Tate’s exhibition leads us through this “year of wonders” month by month, partially recreating at its centre the Galeries Georges Petit retrospective, in which canvases are hung two deep on dark red walls, their chronologies mixed up and works left unlabelled. They include an exquisite classical portrait of Olga, a rugged self-portrait from his first year in Paris, a work painted at the height of his Cubist years with Braque, a pink-cheeked Paulo dressed as a harlequin, Paulo as a gimlet-eyed baby, and the Tate’s own darkly imagined, surreally disturbing Three Dancers.
But the work of 1932 focused largely on Marie-Thérèse, the girl whose classical profile had arrested Picasso’s gaze outside the Galeries Lafayette department store in 1927. Never before had Picasso painted portraits of such voluptuous sensuality, colourful exuberance and playful eroticism. And he greatly enjoyed playing perceptual tricks. With her head resting on her shoulder and a sweetly innocent smile playing on her lips as she sleeps, The Dream shows the top half of his lover’s bisected face as an erect penis, while her hands form an opening at her pubis.
But there are intimations of violence, too. In a portrait echoing The Dream, Sleeping Woman by a Mirror, Marie-Thèrése looks not asleep but dead. The bisected face is now a jagged, gaping wound which looks like its been slashed open with a knife. A red slick of paint doesn’t so much denote her lips but suggests blood. Her one visible eye is a blackened hollow, while the colour scheme is cooler, a clash of acid hues, not the softer, brighter, happier colours of The Dream. Only in the reflection of her profile in the mirror, a white, ghostly outline, do we find the rounded dimensions of her innocently sleeping face.
Other paintings show her drowning and being rescued, or reclining with curling octopus limps, or once again sleeping or in luxurious repose.
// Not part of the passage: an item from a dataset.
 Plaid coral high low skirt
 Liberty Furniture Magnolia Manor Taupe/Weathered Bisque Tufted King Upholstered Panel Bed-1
But the masterpiece of the show has to be Reading, and this time Marie-Thérèse’s face is a big, elegantly bisected heart painted in soft lilac and pale mint green, with the length of her nose a glacial white. He has painted her with the long side eyes of an ancient Egyptian queen. A sense of her soft, child-like vulnerability has been replaced by something steelier, coolly majestic.
There are sculpted heads too. One in bronze shows a fleshy, tumescent phallic nose hanging over a bulbous, heart-shaped face. It’s cute, dumb and animal-like. He was obsessed with that nose, that profile, and each distortion projects a different facet of how she was perceived by him.
We learn from the catalogue that Picasso spent the opening of his retrospective in the cinema, and then he was quick to get back to work, to not rest on his laurels. And so he retreated to Boisgeloup, this time to concentrate on smaller works. He produced a series of wonderful ink drawings riffing on Grünewald’s gory crucifixion, and a series of small, quick and loosely executed paintings of an Arcadian scene featuring a flute player and companion, these suggesting that he had the Manet exhibition earlier that year in mind and specifically Le Déjeuner sur l’herbe.
Picasso was nothing if not unstoppably prolific, but this was the year in which his creativity went into intense overdrive, and he produced some of the most compellingly erotic work of his life. Tate has managed some incredible loans and this is likely to be one of the most exciting Picasso exhibitions you’ll see in a long while.